Monitoring infant growth rates
Poor physical growth is linked closely to overall health and development, and affects a third of the world’s children. UNICEF works with governments and non-governmental organizations on a range of issues from growth monitoring to prevention and management of childhood illnesses. At this time, UNICEF supports growth monitoring in health facilities and communities in more than 40 countries, generating information that is used by the immediate care takers and local health workers to assess child growth, analyze the causes of any problems that exist, and determine necessary action.
Supporting community-based programmes
Families and communities are the key players in the battle against childhood malnutrition and must work together to assess, analyze and take action to solve any problems. UNICEF’s strategy is to empower community members to become their own agents of change. UNICEF's role is to work with governments to support participatory, community-based programmes focusing on children’s survival, growth and development.

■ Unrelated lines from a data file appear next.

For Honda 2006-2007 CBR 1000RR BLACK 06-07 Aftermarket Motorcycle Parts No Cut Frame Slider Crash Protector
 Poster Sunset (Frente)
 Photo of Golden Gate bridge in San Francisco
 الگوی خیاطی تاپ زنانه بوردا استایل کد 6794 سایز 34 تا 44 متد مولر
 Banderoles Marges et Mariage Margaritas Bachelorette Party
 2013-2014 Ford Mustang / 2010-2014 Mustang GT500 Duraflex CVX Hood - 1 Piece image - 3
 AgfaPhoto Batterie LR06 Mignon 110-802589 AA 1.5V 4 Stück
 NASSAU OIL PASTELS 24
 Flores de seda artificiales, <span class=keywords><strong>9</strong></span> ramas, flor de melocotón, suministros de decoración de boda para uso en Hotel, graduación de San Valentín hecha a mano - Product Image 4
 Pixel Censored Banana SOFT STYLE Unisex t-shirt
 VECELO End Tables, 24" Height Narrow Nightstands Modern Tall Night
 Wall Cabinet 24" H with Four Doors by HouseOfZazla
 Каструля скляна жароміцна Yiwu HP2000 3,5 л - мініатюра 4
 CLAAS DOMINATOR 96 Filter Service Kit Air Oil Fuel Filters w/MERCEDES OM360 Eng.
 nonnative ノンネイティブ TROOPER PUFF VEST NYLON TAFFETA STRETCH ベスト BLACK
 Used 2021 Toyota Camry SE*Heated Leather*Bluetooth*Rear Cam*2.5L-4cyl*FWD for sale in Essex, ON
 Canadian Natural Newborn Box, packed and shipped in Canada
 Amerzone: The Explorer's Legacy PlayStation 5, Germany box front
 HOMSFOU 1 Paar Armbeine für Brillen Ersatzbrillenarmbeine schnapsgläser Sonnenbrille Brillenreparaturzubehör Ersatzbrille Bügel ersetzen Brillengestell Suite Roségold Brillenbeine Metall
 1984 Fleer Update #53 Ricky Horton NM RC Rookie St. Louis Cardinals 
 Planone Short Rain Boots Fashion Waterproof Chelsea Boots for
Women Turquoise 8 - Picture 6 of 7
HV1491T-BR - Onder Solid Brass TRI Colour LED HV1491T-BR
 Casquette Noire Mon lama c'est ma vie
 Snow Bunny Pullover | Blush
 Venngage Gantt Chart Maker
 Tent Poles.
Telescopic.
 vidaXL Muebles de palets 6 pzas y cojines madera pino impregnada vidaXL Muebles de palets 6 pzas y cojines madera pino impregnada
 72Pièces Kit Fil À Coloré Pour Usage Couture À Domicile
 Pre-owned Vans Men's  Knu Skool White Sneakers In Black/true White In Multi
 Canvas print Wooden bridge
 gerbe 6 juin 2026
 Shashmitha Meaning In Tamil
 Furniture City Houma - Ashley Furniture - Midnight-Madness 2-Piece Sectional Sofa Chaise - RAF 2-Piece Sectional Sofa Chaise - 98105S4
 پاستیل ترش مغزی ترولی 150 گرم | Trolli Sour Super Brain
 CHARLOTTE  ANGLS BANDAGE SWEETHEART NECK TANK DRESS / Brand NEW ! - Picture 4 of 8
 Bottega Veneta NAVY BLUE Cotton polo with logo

The Tamil Nadu Integrated Nutrition programme in South India and the Iringa Programme in Tanzania are among the largest and most well known community-based child survival, growth and development programmes. Thailand, Cambodia, Indonesia, Sri Lanka, Bangladesh, Uganda, Kenya, Madagascar, Ghana, Niger, Oman, Brazil and others are working on similar programmes.
Infant and child feeding and care
UNICEF works to promote, protect and support immediate postpartum and exclusive breastfeeding for 6 months, with continued breastfeeding and age-appropriate complementary feeding for up to 2 years or longer, and to educate families about care and feeding practices. The end goal: to empower all women to to feed their children in a manner that will help them achieve their full potential. UNICEF approaches this issues based on the WHO/UNICEF Global Strategy for Infant and Young Child Feeding[link] that includes two major ongoing global programmes areas -- the Baby-Friendly Hospital Initiative (BFHI) and International Code of Marketing of Breastmilk Substitutes – as well as additional global, national, health system, and community efforts.
Delivering vital micronutrients
Micronutrients enhance the nutritional value of food and have a profound impact on a child’s development and a mother’s health. UNICEF works with governments to deliver key minerals and vitamins – iodine, iron, vitamin A and folate – through supplementation, fortification and promotion of micronutrient-rich diets. To achieve the goals of virtual elimination of vitamin A and iodine deficiencies, UNICEF collaborates with a diverse group of public and private organizations, forming alliances such as the Vitamin A Global Initiative.
Nutrition and HIV
With HIV/AIDS, UNICEF’s focus is twofold: reducing mother-to-child transmission of the virus during breastfeeding and meeting the nutritional needs of those who are HIV positive or affected by HIV/AIDS, such as orphans and children living in households where family members have HIV. Strategies include providing voluntary, confidential testing and infant feeding counselling for pregnant women, helping governments develop infant and young child feeding policies with HIV guidelines, encouraging and supporting breastfeeding, and promoting optimal infant feeding in hospitals.
UNICEF's programmes in the area of child and maternal health, basic education, water and sanitation, and improved child protection contribute to the reduction of child malnutrition.